Addressing a virtual meeting of top economic policy think tanks during the seventh Africa Think Tanks Summit, Mr Chang said building the trade relationship between China and Africa is currently focused on how China can facilitate the implementation of AfCFTA.
He explained that China has signed agreements with 39 countries in Africa to establish cooperation in building industrial capacity to promote the local manufacturing of goods in Africa.
According to him, the cooperation with African countries is focused on how to make the BRI beneficial to the African continental trader under the AfCFTA and how the Chinese experience in trade could be shared with African countries to facilitate trade at all levels.
China is working with African countries at three levels to implement broader goals aiming to fight poverty.
They include working with African countries under the 2030 UN Sustainable Development Goals (SDG) frameworks and cooperation under the AU Agenda 2063.
Agenda 2063 prioritises the launching of the AfCFTA to accelerate trade among African countries to improve Africa’s economic well-being, Mr Chang said.

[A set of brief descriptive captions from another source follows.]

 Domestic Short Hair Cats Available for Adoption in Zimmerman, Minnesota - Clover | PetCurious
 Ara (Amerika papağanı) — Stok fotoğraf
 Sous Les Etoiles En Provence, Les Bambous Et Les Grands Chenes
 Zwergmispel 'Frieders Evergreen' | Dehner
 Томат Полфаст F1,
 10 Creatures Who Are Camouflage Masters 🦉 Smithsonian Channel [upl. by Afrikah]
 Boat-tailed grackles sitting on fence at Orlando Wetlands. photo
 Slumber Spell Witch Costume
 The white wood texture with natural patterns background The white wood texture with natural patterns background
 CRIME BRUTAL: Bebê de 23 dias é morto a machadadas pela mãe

He said his think-tank will help to support African countries to implement their national strategic goals, including increasing industrial production, agriculture and infrastructure development.
He said ICC-NDRC is among the major backers of the Harare-based African Capacity Building Foundation (ACBF), the African Union Specialised technical agency tasked with managing the capacity constraints.
The Think Tank Summit is an annual event that aims to propose strategies and actionable recommendations for think tanks to enable them to contribute meaningfully to tackling policy implementation challenges facing Africa within the context of Africa’s Agenda 2063 and the SDGs.
The ACBF is currently working with other nations to accelerate efforts to ensure that countries are ready to trade continent-wide.
“We can further explore cooperation and the connectivity between trade and investment which is very important. China is one of the biggest trading partners to Africa and Africa is China’s biggest trading partner. This AfCFTA will form a big trading partnership between China and Africa,” Mr Chang added.
Also adding an input, Mr Kevin Urama, Senior Director at the African Development Institute at the African Development Bank (AfDB), explained that upon entry into force and with the deposit of 22 instruments of ratification and membership, AfCFTA will become the largest Free Trade Area (FTA) in the global economy, covering a market of 1.2 billion Africans with a combined wealth of $2.5 trillion expected to reach $29 trillion by 2050.
According to Mr Urama, the AfCFTA could deepen and expand intra-Africa trade from its very low base of 15 to 52 per cent. At the national level, the estimated welfare gains of around 2.64 per cent of continental GDP will be shared among all participating countries.
On an individual level, the AfCTA will increase real wages for both skilled and unskilled workers in diverse sectors as employment shifts from agricultural to non-agricultural sectors like manufacturing and services.
It is estimated that implementing the AfCFTA could boost Africa’s income by $450 billion, bring 30 million people out of extreme poverty and raise the incomes of 68 million others.